> _WHAT THIS TASK INVOLVES_:
Your answer is the line containing "George Sherman, who" plus every line after it to the end of the data below, transcribed exactly and with nothing else.

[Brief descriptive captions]
━━━━━━━━━━━━━━━━━━━━━━━━━━━━━━

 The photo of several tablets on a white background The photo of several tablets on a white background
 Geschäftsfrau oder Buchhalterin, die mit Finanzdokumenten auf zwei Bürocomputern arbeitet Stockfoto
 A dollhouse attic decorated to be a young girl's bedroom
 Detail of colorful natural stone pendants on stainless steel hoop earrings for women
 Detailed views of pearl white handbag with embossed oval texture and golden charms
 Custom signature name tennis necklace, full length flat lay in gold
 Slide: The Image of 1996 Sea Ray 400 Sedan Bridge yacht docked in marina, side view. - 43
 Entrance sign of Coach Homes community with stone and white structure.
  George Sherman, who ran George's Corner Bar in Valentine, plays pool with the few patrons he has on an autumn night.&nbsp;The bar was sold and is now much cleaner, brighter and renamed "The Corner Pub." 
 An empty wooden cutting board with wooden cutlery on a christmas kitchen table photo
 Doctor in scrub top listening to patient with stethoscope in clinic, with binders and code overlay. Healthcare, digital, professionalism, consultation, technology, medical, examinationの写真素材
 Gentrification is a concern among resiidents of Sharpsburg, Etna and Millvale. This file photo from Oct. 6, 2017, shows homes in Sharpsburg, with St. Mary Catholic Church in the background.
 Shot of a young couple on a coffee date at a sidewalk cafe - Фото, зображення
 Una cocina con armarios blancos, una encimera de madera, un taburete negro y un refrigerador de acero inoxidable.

━━━━━━━━━━━━━━━━━━━━━━━━━━━━━━

> _REPLY_:
  George Sherman, who ran George's Corner Bar in Valentine, plays pool with the few patrons he has on an autumn night.&nbsp;The bar was sold and is now much cleaner, brighter and renamed "The Corner Pub." 
 An empty wooden cutting board with wooden cutlery on a christmas kitchen table photo
 Doctor in scrub top listening to patient with stethoscope in clinic, with binders and code overlay. Healthcare, digital, professionalism, consultation, technology, medical, examinationの写真素材
 Gentrification is a concern among resiidents of Sharpsburg, Etna and Millvale. This file photo from Oct. 6, 2017, shows homes in Sharpsburg, with St. Mary Catholic Church in the background.
 Shot of a young couple on a coffee date at a sidewalk cafe - Фото, зображення
 Una cocina con armarios blancos, una encimera de madera, un taburete negro y un refrigerador de acero inoxidable.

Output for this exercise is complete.